> _Assignment_
Leave out every picture, then transcribe the rest of the listing exactly.

> _Given data_

-*-

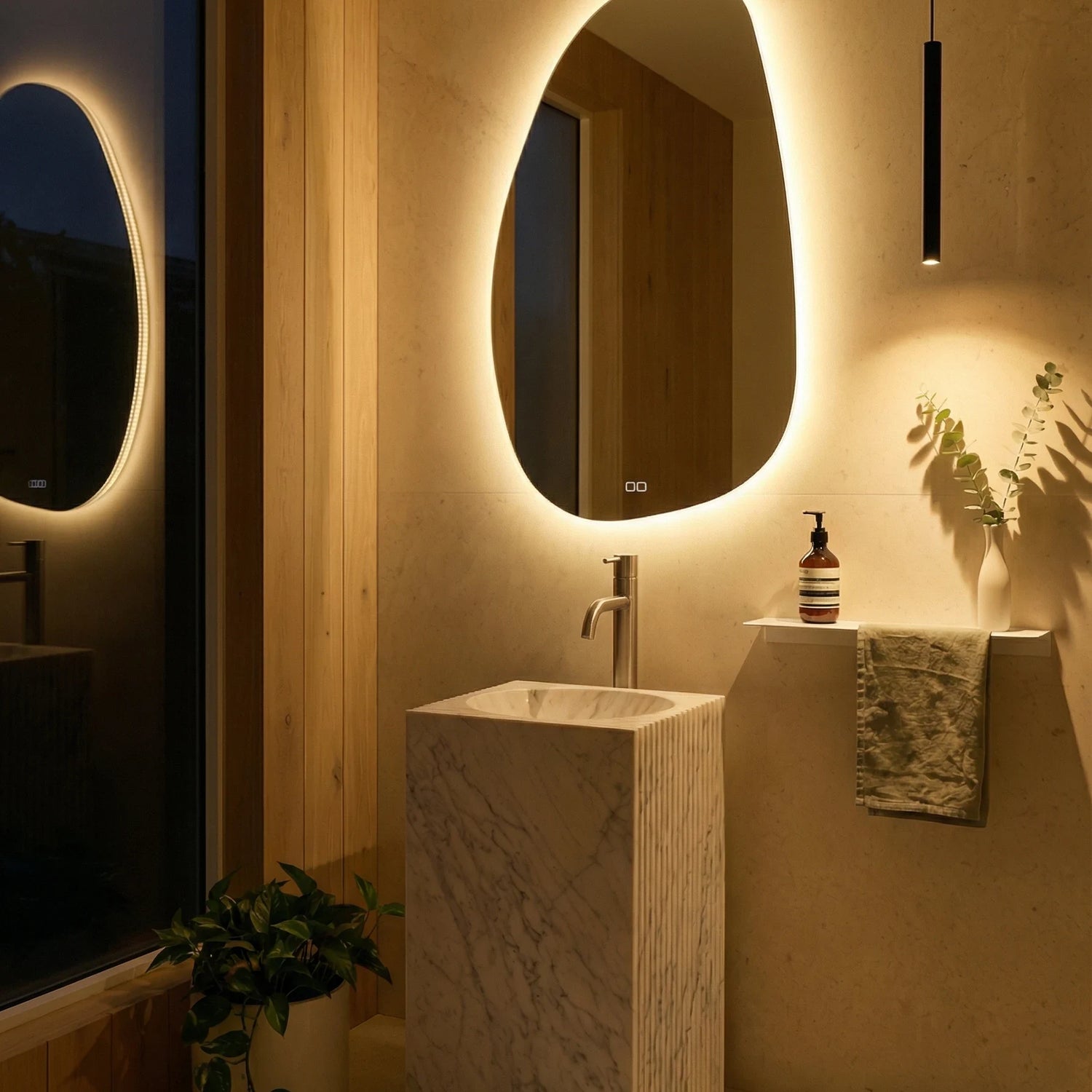 Claris STONE asymmetric backlit LED bathroom mirror with raw rock silhouette, Terra Collection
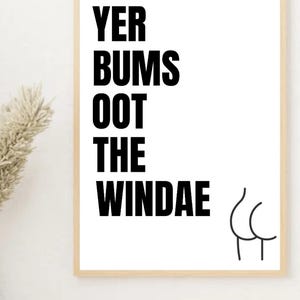 May include: A framed print with the text "YER BUMS OOT THE WINDAE" in bold black letters. A simple line drawing of a rear end is on the right. The frame is a light wood color, and the background is white.
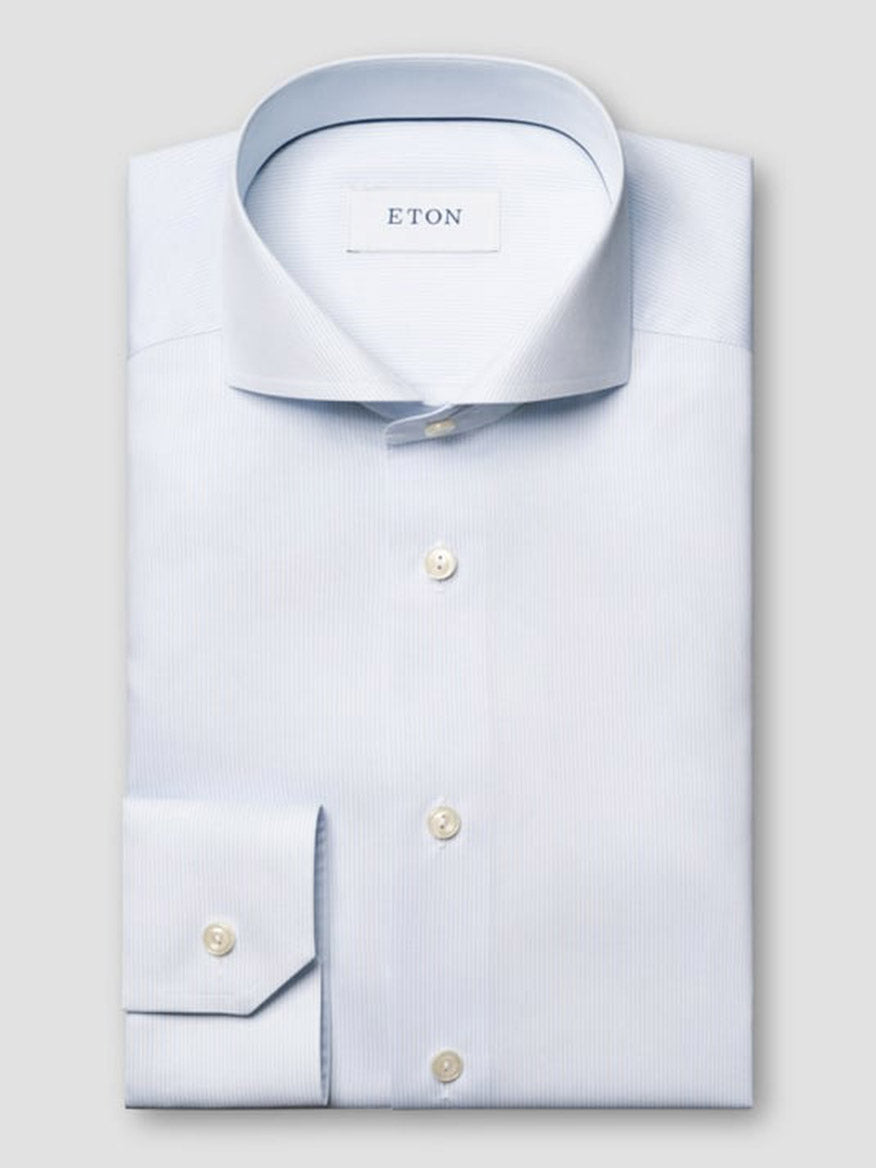 A light blue Eton Slim Fit Striped Twill Dress Shirt is neatly folded, featuring a spread collar, buttoned cuffs, and pearl-colored buttons against a plain background.
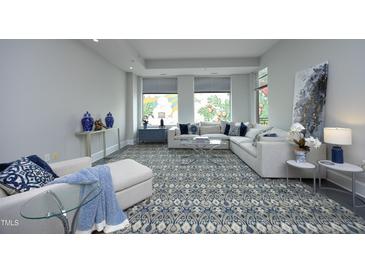 Open living room featuring a plush sectional sofa, stylish rug, and large windows at 400 W North St # 620, Raleigh, NC 27603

-*-

> _Written answer_
 Claris STONE asymmetric backlit LED bathroom mirror with raw rock silhouette, Terra Collection
 May include: A framed print with the text "YER BUMS OOT THE WINDAE" in bold black letters. A simple line drawing of a rear end is on the right. The frame is a light wood color, and the background is white.
 A light blue Eton Slim Fit Striped Twill Dress Shirt is neatly folded, featuring a spread collar, buttoned cuffs, and pearl-colored buttons against a plain background.
 Open living room featuring a plush sectional sofa, stylish rug, and large windows at 400 W North St # 620, Raleigh, NC 27603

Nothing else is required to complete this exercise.